Under this line are the records; repeat exactly the lines starting at the one containing "QR Code for" and ending at the one containing "위드건축사사무소 이미지", omitting pictures.

RECORD EXCERPTS =>
┄┄┄┄┄┄

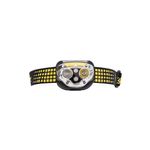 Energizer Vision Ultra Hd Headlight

┄┄┄┄┄┄

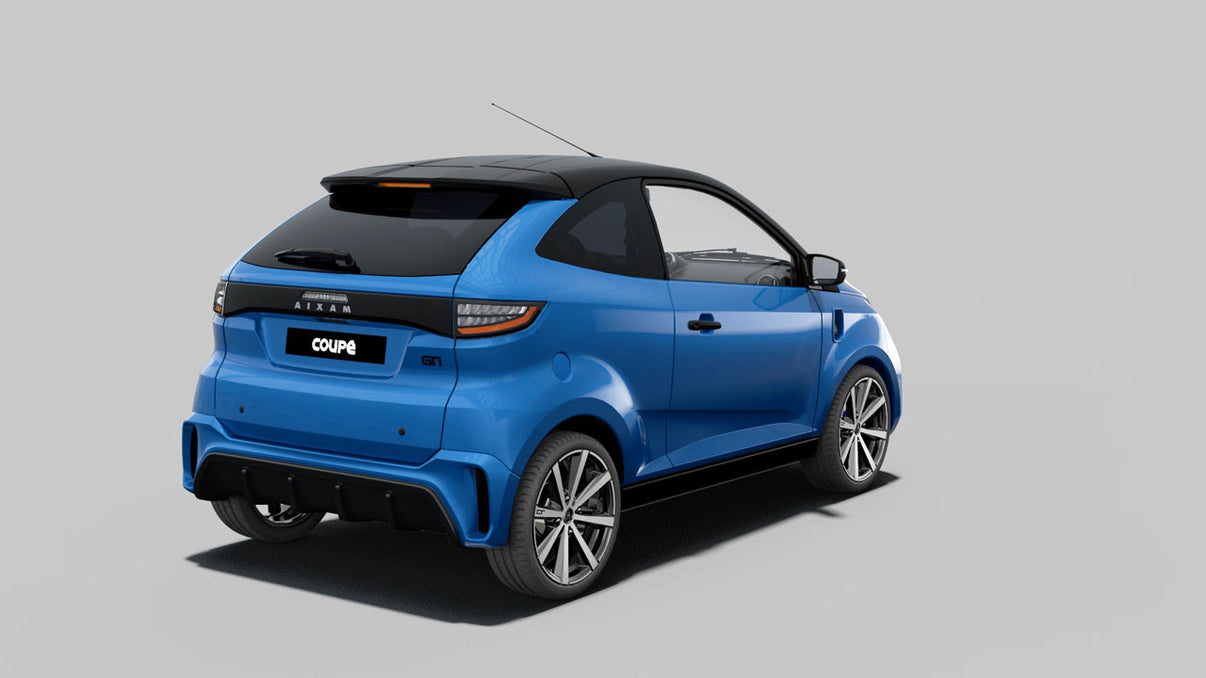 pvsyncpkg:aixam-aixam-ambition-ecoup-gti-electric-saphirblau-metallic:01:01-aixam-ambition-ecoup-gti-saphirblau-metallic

┄┄┄┄┄┄

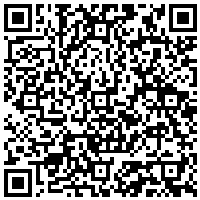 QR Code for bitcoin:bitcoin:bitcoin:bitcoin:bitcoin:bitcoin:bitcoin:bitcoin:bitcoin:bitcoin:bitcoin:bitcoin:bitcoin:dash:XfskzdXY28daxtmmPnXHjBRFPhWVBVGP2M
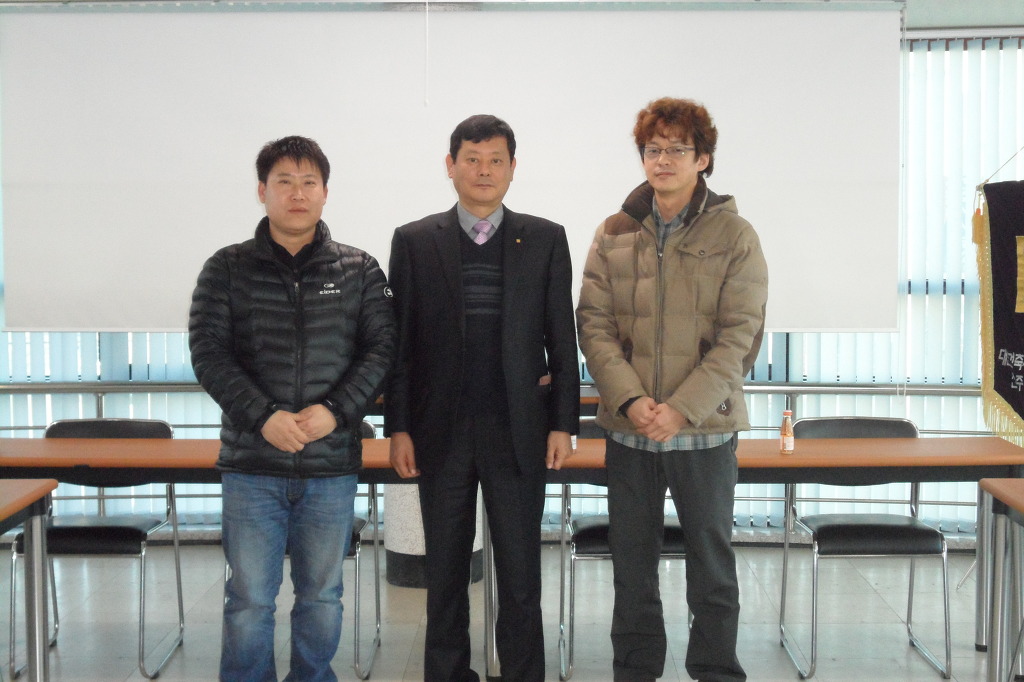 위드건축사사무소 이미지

┄┄┄┄┄┄

RESPONSE TO THE EXERCISE =>
 QR Code for bitcoin:bitcoin:bitcoin:bitcoin:bitcoin:bitcoin:bitcoin:bitcoin:bitcoin:bitcoin:bitcoin:bitcoin:bitcoin:dash:XfskzdXY28daxtmmPnXHjBRFPhWVBVGP2M
 위드건축사사무소 이미지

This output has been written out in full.